In the hills of central Pennsylvania, a railroad stopped running in 1956. The crews went home, locked the doors, and left everything behind. What they left has become one of the most significant industrial heritage sites in America, and this October, it becomes the stage for something that’s never happened there before.
There’s a moment that happens to almost every first-time visitor to the East Broad Top Railroad in Rockhill Furnace, Pennsylvania. They walk through the door of the shop complex, look up at the belt-driven machinery overhead, smell the oil and iron and coal dust that’s soaked into the timbers over more than a century, and stop walking.
It isn’t a museum smell. It isn’t a restoration smell. It’s the smell of a place that was working not so long ago and could start working again tomorrow. This is the machine shop at the East Broad Top Railroad in Rockhill Furnace, Pennsylvania, and nothing you’ve read about it will prepare you for standing inside it.
There are places that survive by being preserved, stabilized, interpreted behind glass. This is not one of them. The East Broad Top survived by being forgotten, left alone long enough that when people finally came back for it, everything was still there. The tools on the workbenches. The locomotives in the roundhouse. The coal hoppers in the yard. The track, the bridges, the tunnels. Sixty-some years after the last coal run, the railroad that time left behind is running again and it’s unlike anything else in the country.
History of East Broad Top
The East Broad Top Railroad and Coal Co. was chartered in 1856, when this corner of south-central Pennsylvania was one of the premier iron-making regions in the eastern United States – before Pittsburgh became the Steel City. Construction began after the Civil War in 1872, and the railroad was built to a three-foot narrow gauge, a practical decision for a mountain coal road threading through the ridges and hollows of Huntingdon County. Its primary purpose was to haul the semi-bituminous coal (Broad Top Coal), out of Broad Top Mountain to power industrial furnaces and steam plants across the region. The railroad also carried ganister rock, lumber, passengers, and general freight. At its height, the East Broad Top (EBT) operated over 60 miles of track with approximately 33 miles of main line.
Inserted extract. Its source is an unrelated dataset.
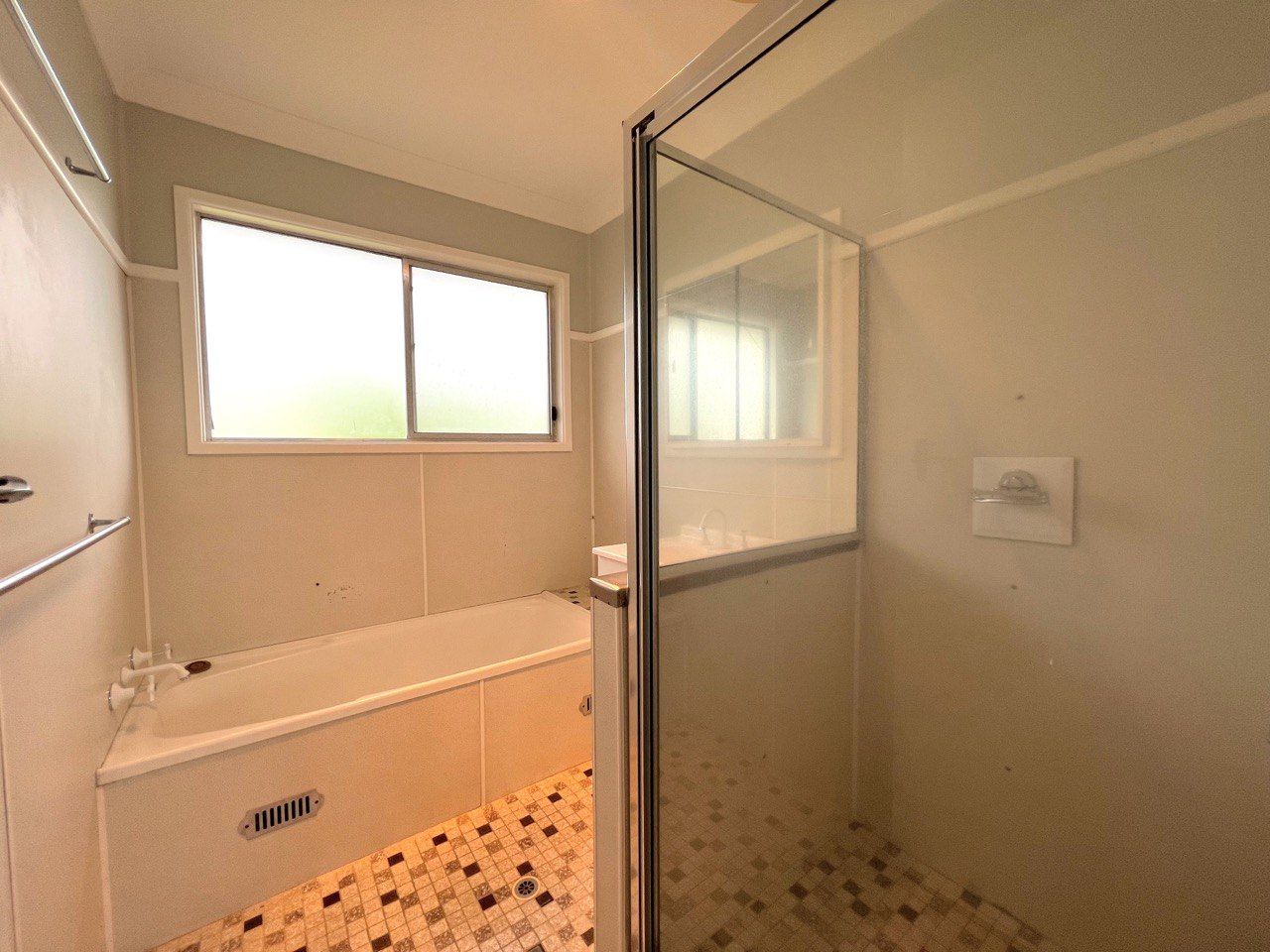 28 Jones Street — photo 11 of 12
The shop complex at Rockhill Furnace grew to match the railroad’s needs. A machine shop, blacksmith shop, foundry, and roundhouse gave the EBT the capacity to be almost entirely self-sufficient. Nearly 300 steel coal hopper cars were built in those shops, fabricated in large numbers over just four or five years. Six steam locomotives worked the line in its final operating years.
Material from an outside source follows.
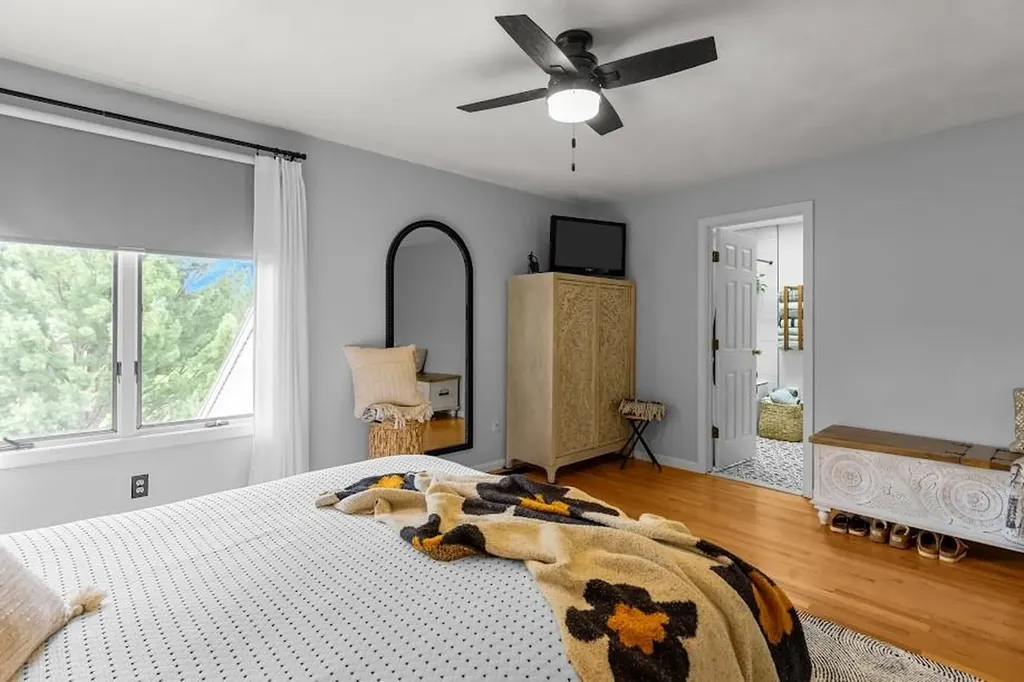 78 Valley Green Court North Providence RI 02904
The railroad was generally profitable through the 1940s. The post-war shift away from coal as an industrial fuel ended that. Demand for Broad Top coal waned through the early 1950s, and the railroad suspended operations in 1956. The mines closed with it. Crews went home. The doors at Rockhill Furnace were locked, and the equipment, all of it, was left behind on the assumption that the mines might eventually reopen. They never did.
Railroad Returns
What happened next is what sets the East Broad Top apart from every other defunct railroad in the country. The Kovalchick family, owners of a salvage company in Indiana, Pennsylvania, purchased the property in 1956. They didn’t scrap it. In 1960, they opened a tourist excursion service – running not a reconstruction or a re-creation, but the original railroad, on original track, behind original locomotives. The EBT was designated a National Historic Landmark in 1964. Tourist operations continued until 2011, when the costs of private ownership proved too great. The railroad went quiet again, sitting idle for nine years.
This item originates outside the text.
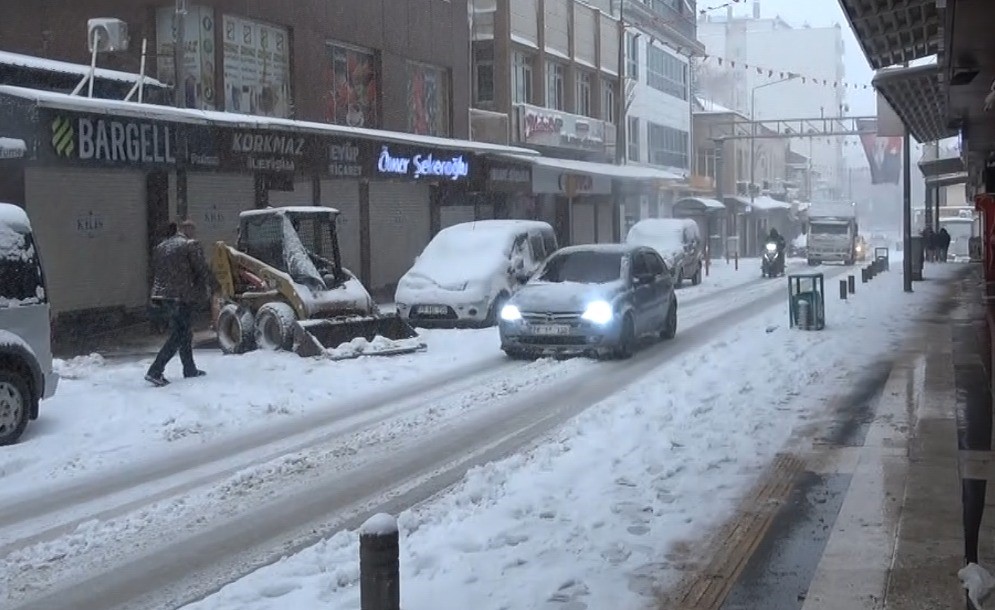 Kilis kar yağışıyla beyaza büründü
In February 2020, the EBT Foundation purchased the railroad from the Kovalchick family and set about bringing it back to life. Regular train service resumed in the summer of 2021. Track restoration has been progressing steadily, reaching some nine miles to Saltillo Station where an extensive reconstruction of the station is underway.
The Smithsonian Institution has described the East Broad Top as one of the most intact 19th-century industrial sites in the country, and as an incomparable national treasure.

The man now responsible for all of it is Bradley Esposito, general manager of the EBT Foundation, who grew up in Punxsutawney and spent 22 years working for Genesee and Wyoming, a freight railroad operation, before a different kind of pull brought him home to central Pennsylvania. He’d been volunteering at the EBT for roughly 15 years when the opportunity to form a nonprofit and purchase the railroad came together.
“What we’re doing is not an inexpensive project,” he says. “Rebuilding a railroad, it’s like resurrecting a dinosaur. It takes a lot of money.” The Friends of the East Broad Top, a volunteer nonprofit that has supported the railroad since 1983, has raised more than a quarter-million dollars annually in recent years. The Foundation supplements that through admissions, events, and a growing line of contract work; the EBT’s modern machine shop now performs air brake work for passenger car fleets from more than 60 heritage railroads across the country, and boiler work for steam traction engines is the next area of expansion. Every dollar, Brad notes, goes back into the restoration.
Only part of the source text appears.